Useful forms to simplify data

Suppose there is a strategy with many trades that go one after another, without overlapping, that is, a new order is opened strictly after the previous one has closed. If we need to evaluate the probability of winning or losing and to measure the average time required to achieve the profit or loss, we will see that the orders can have a very large number of different states (they are closed with different results).

In order to be able to apply fractal formulas to such strategies, we first need to convert these strategies to the cases that can be considered within the frameworks of fractals. To implement this, we need to represent our strategy as an order with equidistant stop-levels, which has the probability of a step up and a step down, just like in our fractal. Then, we can apply the fractal formulas. Also, a step up and a step down can have different lifetime.

In order to reduce any strategy to one of the types that can be described in the framework of fractal formulas, which we found in the previous article, we first need to determine which values must be known in order to be able to apply the fractal formulas. Everything is pretty simple here:

P[1] – the probability of the step up
T[1] – average up step formation time
T[2] – average down step formation time

First, we need to consider the limit values when the number of steps tends to infinity:

(P[1] * T[1] + (1 -P[1])*T[2]) * n = T(n)
(P[1] * Pr - (1 -P[1])*Pr) * n = P(n)

In order to better understand the above expressions, it is necessary to write two limits:

Lim(n --> +infinity)[P/P0(n)] = 1
Lim(n --> +infinity)[T/T0(n)] = 1

The limits say that if we conduct the same experiments in the amount of "n", or trades, we will always get different total time which all the elementary experiments included in the main general experiment took.
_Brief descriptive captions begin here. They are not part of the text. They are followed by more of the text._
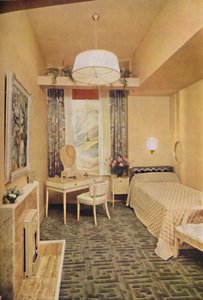 Slaapkamer ontworpen door Esmé Gordon, A.R.I.B.A., A.R.I.A.S., met Grieks sleutelontwerp W Wilton Tapijt door J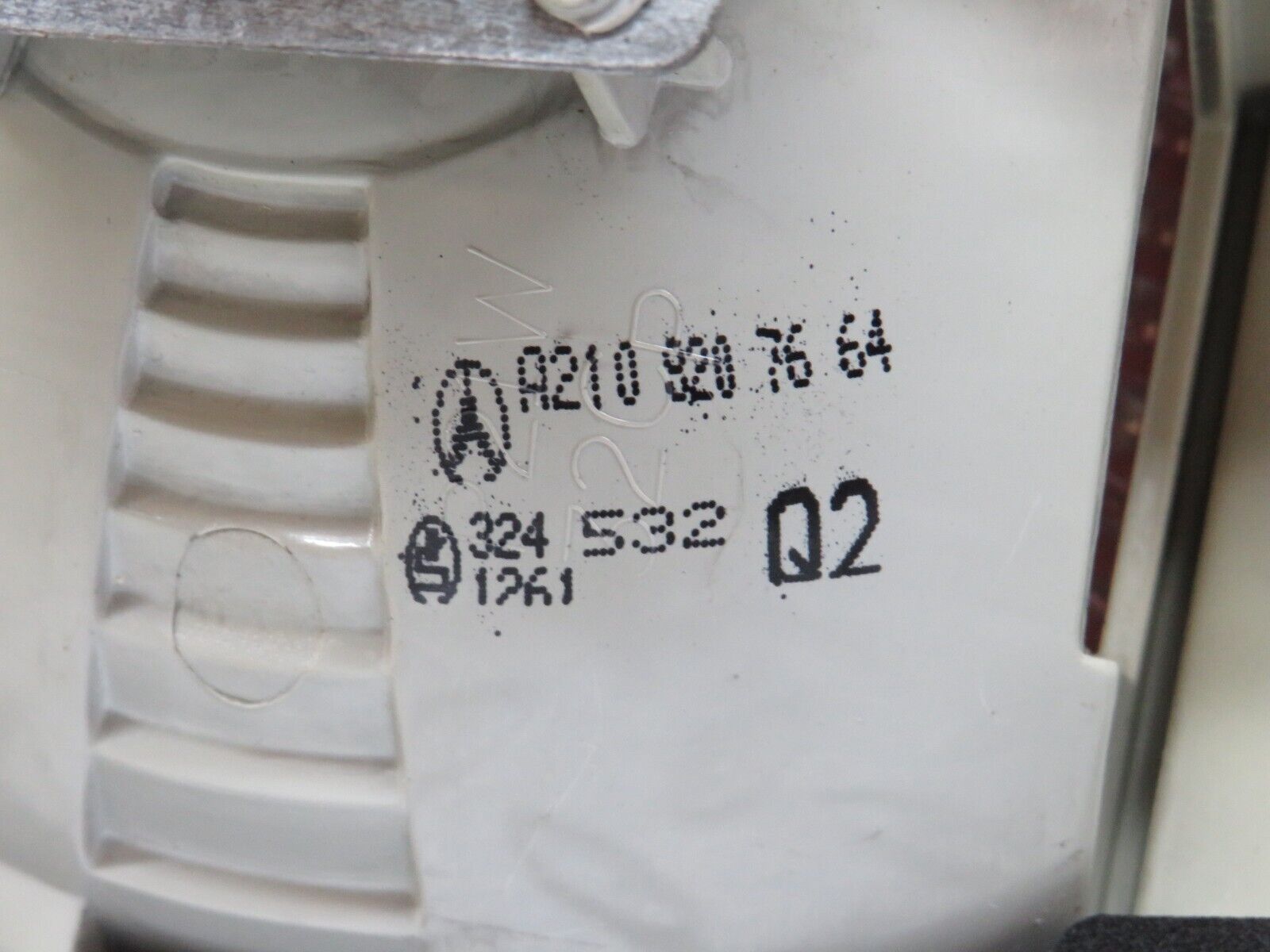 33167 Mercedes-Benz W210 Tail Light Right Side 2108207664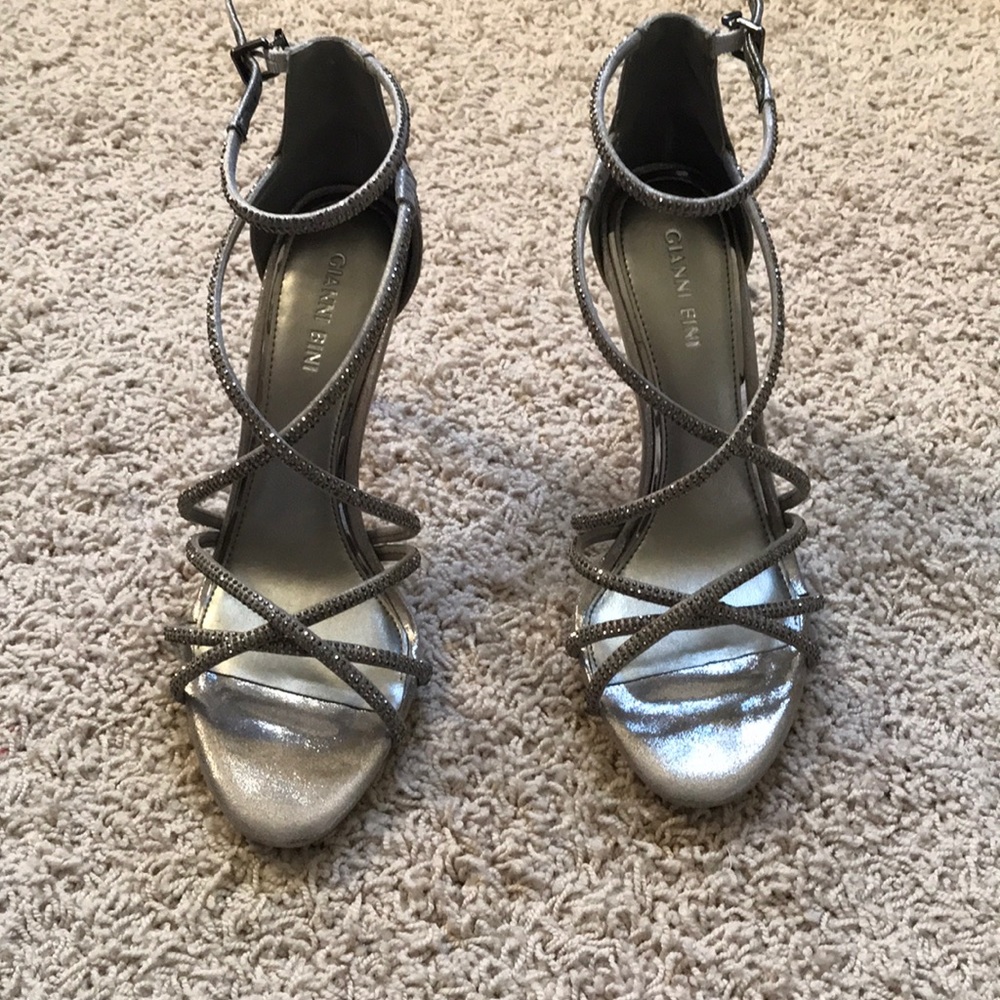 Brand new!! Never worn!
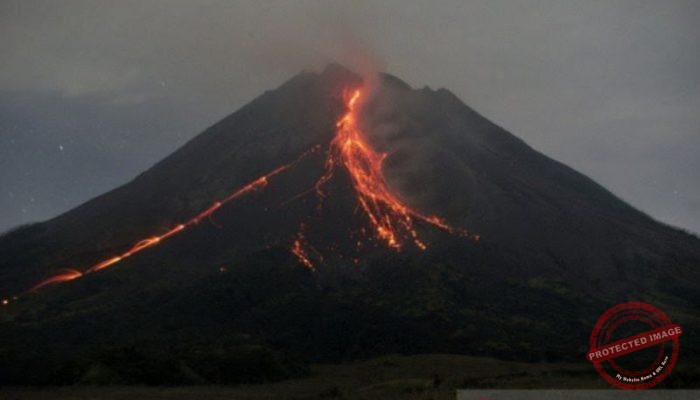 Gunung Merapi Masih Siaga, 100 Kali Guguran Lava dalam Sepekan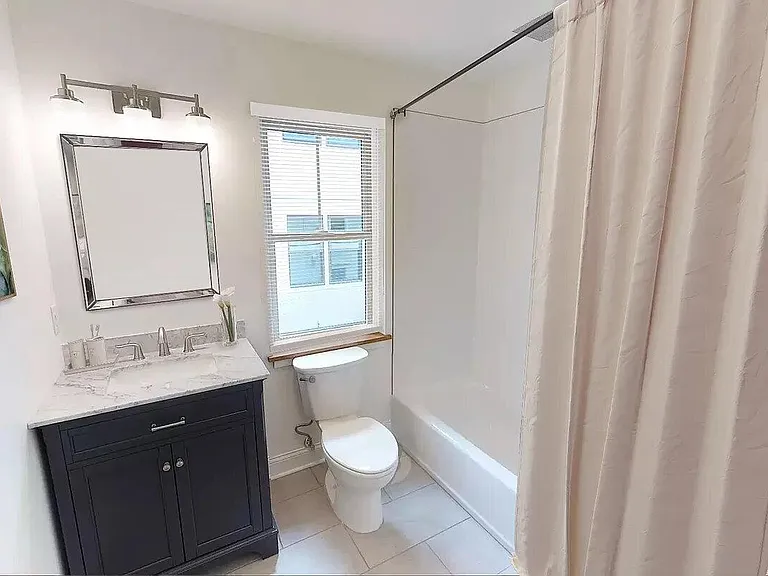 215 W Spencer St #A-3 — Photo 3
Also, we will always get different positions of the final trading balance. On the other hand, it is intuitively clear that with an infinite number of experiments, the real value will tend to the limit. We can prove this fact using random number generators.

n - emulated number of steps
1-P[1] – probability of the step down
T0(n) – real amount of time spent on "n" steps
P0(n) – real shift of the balance or price for "n" steps
T(n) - the limit amount of time spent on "n" steps
P(n) – the limit shift for "n" steps

This logic results in two equations which however too many unknowns. This is not surprising as this is only the beginning. But these equations describe only the derived system (the one we need to get). The equations for the source system are similar:

(P*[1] * T[1] + P*[2])*T*[2] + … + P*[N])*T*[N] ) * m = T(m)
(P*[1] * Pr*[1] + P*[2]*Pr*[2] + … + P*[N1]*Pr*[N1]) * m - (P*[N2] * Pr*[N1] + P*[N1+1]*Pr*[N1+1] + … + P*[N2]*Pr*[N2]) * m = P(m)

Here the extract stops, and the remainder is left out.